• [Entries supplied]

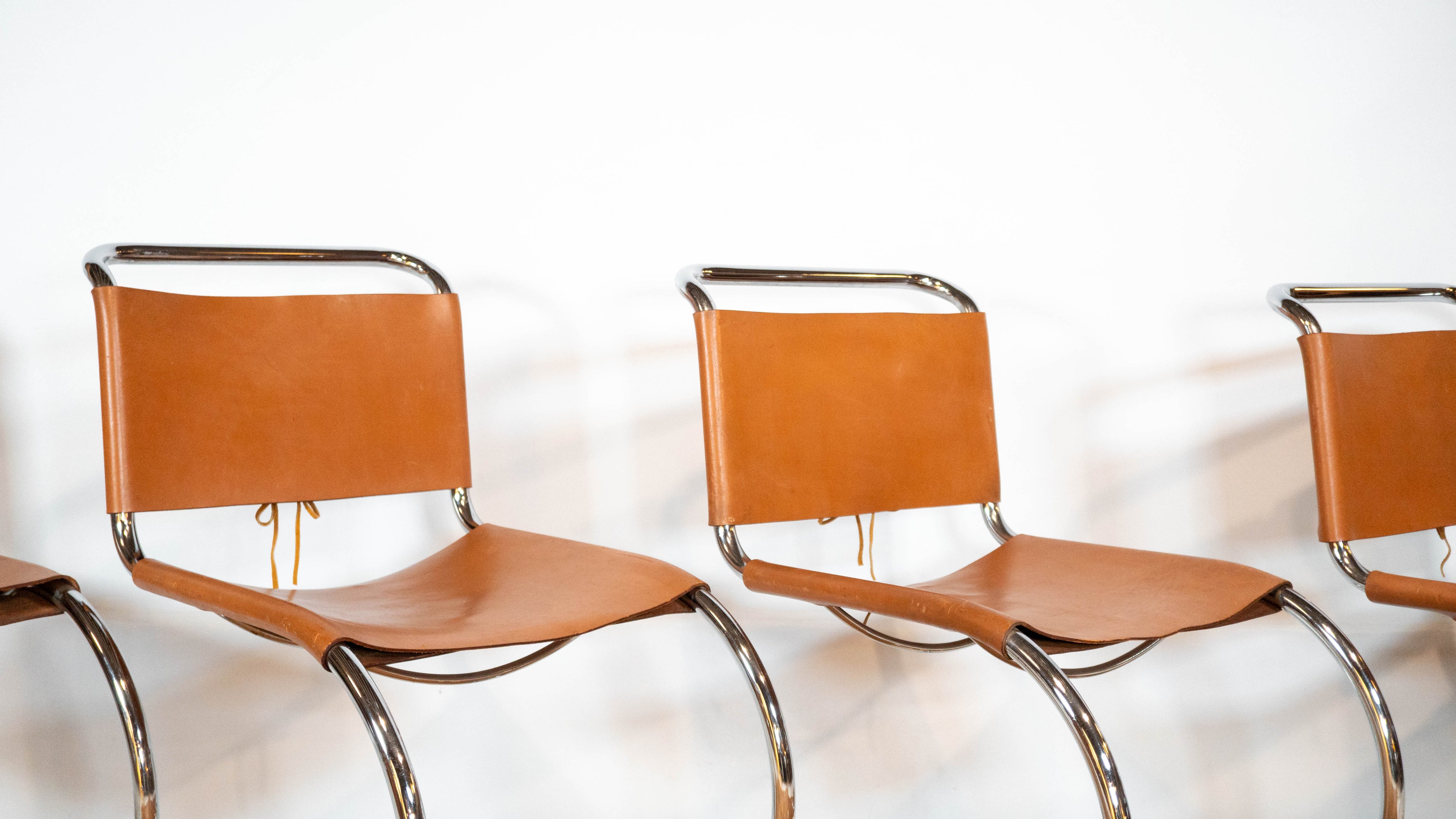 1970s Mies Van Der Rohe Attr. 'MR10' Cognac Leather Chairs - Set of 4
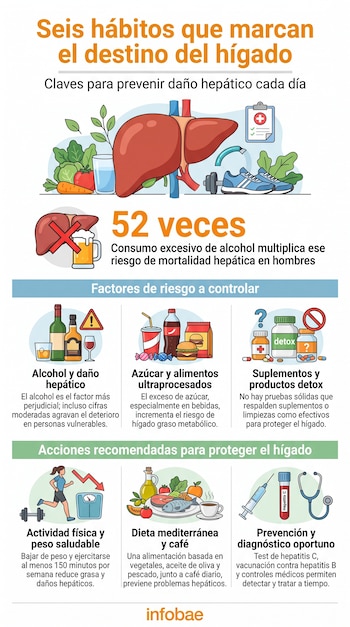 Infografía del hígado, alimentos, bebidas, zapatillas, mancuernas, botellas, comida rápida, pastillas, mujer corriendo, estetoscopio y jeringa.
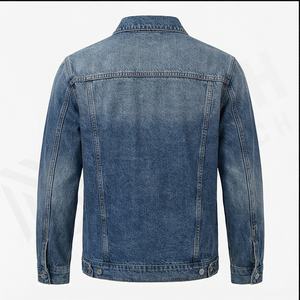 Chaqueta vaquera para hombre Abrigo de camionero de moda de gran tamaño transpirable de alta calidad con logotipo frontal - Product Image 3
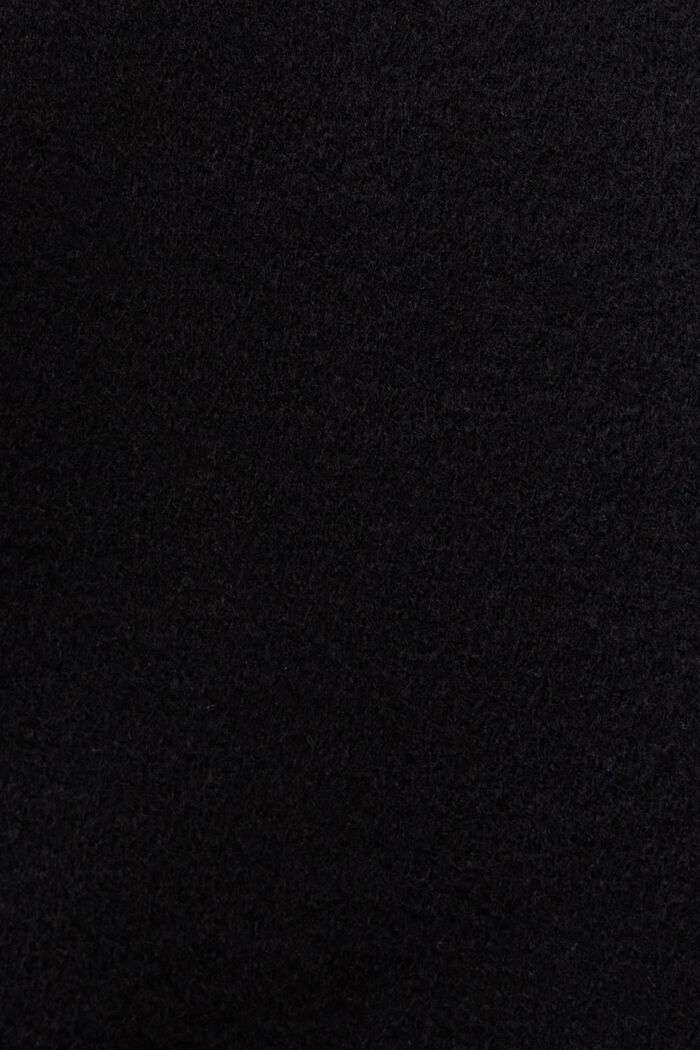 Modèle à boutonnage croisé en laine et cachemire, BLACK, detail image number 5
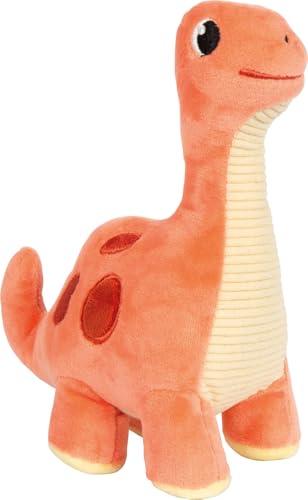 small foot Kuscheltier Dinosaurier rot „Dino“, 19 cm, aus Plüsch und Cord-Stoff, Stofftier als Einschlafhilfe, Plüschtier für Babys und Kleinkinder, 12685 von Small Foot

• [Brief]
Since the pictures are not wanted, copy only the text of the records above, exactly.

• [Answer area]
 1970s Mies Van Der Rohe Attr. 'MR10' Cognac Leather Chairs - Set of 4
 Infografía del hígado, alimentos, bebidas, zapatillas, mancuernas, botellas, comida rápida, pastillas, mujer corriendo, estetoscopio y jeringa.
 Chaqueta vaquera para hombre Abrigo de camionero de moda de gran tamaño transpirable de alta calidad con logotipo frontal - Product Image 3
 Modèle à boutonnage croisé en laine et cachemire, BLACK, detail image number 5
 small foot Kuscheltier Dinosaurier rot „Dino“, 19 cm, aus Plüsch und Cord-Stoff, Stofftier als Einschlafhilfe, Plüschtier für Babys und Kleinkinder, 12685 von Small Foot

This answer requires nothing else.